From the entries below, copy every line that has the word "Double".

Short web captions
#####
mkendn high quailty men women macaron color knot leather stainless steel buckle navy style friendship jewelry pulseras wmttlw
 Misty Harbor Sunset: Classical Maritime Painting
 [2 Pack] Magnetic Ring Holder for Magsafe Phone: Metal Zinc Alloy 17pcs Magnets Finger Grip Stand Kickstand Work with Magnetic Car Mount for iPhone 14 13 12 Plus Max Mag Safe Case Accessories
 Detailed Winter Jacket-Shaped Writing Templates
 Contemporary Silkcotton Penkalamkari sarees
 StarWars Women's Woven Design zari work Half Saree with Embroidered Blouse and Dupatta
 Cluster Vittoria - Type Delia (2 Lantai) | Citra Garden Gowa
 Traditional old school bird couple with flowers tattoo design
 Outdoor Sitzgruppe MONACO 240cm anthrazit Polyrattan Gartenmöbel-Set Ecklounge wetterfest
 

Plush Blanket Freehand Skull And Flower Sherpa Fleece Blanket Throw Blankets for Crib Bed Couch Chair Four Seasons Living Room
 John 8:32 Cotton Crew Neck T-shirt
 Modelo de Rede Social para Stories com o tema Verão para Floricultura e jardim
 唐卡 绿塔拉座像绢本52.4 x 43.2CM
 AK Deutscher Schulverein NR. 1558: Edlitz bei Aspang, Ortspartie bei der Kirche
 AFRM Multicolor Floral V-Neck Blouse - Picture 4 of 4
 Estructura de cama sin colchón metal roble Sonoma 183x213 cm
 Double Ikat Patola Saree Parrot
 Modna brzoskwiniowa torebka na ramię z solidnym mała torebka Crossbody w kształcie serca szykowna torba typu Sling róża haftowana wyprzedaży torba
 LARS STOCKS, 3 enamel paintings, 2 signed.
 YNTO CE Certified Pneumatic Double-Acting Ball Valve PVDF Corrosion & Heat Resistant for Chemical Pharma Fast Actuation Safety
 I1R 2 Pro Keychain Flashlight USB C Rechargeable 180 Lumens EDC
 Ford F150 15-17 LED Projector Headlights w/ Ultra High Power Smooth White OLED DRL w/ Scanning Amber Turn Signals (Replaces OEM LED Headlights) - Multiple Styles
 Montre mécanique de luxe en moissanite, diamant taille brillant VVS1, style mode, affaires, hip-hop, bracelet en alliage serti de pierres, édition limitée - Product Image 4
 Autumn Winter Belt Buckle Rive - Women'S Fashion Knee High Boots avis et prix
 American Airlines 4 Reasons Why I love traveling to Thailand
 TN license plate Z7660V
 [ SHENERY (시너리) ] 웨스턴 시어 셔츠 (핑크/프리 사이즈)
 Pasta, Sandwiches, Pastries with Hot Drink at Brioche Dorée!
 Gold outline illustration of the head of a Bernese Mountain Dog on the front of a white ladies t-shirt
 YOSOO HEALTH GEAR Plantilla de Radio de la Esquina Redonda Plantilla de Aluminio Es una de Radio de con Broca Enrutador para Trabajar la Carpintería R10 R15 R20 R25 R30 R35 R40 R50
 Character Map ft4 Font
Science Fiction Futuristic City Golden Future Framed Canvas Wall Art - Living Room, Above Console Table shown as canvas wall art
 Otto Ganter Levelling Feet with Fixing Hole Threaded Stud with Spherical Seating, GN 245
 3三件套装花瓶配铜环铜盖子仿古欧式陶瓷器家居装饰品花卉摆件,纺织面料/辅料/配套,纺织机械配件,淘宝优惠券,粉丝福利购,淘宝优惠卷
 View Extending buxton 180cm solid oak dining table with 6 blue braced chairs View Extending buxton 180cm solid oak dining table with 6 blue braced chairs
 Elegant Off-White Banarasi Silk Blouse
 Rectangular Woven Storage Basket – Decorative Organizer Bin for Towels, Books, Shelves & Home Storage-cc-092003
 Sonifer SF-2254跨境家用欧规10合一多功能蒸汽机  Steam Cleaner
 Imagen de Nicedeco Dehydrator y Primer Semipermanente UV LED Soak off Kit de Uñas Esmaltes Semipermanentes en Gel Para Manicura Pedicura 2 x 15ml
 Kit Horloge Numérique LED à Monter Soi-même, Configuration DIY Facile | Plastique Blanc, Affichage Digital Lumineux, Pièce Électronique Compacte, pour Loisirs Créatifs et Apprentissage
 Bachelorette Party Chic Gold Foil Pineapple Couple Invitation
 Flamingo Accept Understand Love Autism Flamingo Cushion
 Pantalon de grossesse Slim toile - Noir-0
#####
● **Solution**
 Double Ikat Patola Saree Parrot
 YNTO CE Certified Pneumatic Double-Acting Ball Valve PVDF Corrosion & Heat Resistant for Chemical Pharma Fast Actuation Safety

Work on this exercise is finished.